Key Capabilities & Features
- Extended Context Window: Designed for robust performance up to 16384 tokens, a substantial increase over the base Llama-2-13b's 4096 tokens.
- Partial NTK Rope Scaling: Implements an advanced scaling method to improve long-context understanding and reduce "extrapolated deemphasis" of middle-context tokens.
- Competitive Perplexity: Achieves lower perplexity scores at extended contexts (e.g., 4.82 at 12000 tokens) compared to other 13B models and even some 33B extended context variants.

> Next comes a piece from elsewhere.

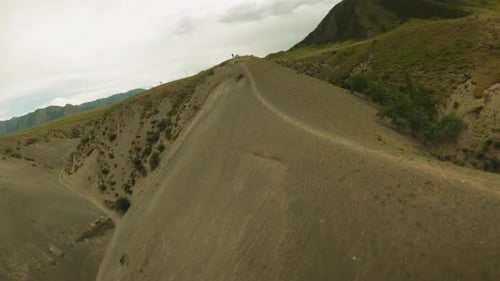Dirt Track and Resting Motorcyclist on Hill Ridge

- Instruction Following: Retains Airoboros-like prompting for obedient question answering, coding, writing, and multi-character conversations, including specific formatting for closed-context instructions.
- Performance Preservation: Shows no clear performance regression on benchmarks like MMLU-fs (scoring 54.9) despite the context extension, indicating effective scaling without sacrificing core capabilities.
Use Cases
This model is particularly well-suited for applications that demand processing or generating content with very long context dependencies. This includes tasks such as:
- Summarizing lengthy documents or articles.
- Engaging in extended, context-aware conversations.
- Code generation and analysis where large codebases or detailed requirements are provided.
- Any scenario where maintaining coherence and understanding over thousands of tokens is critical.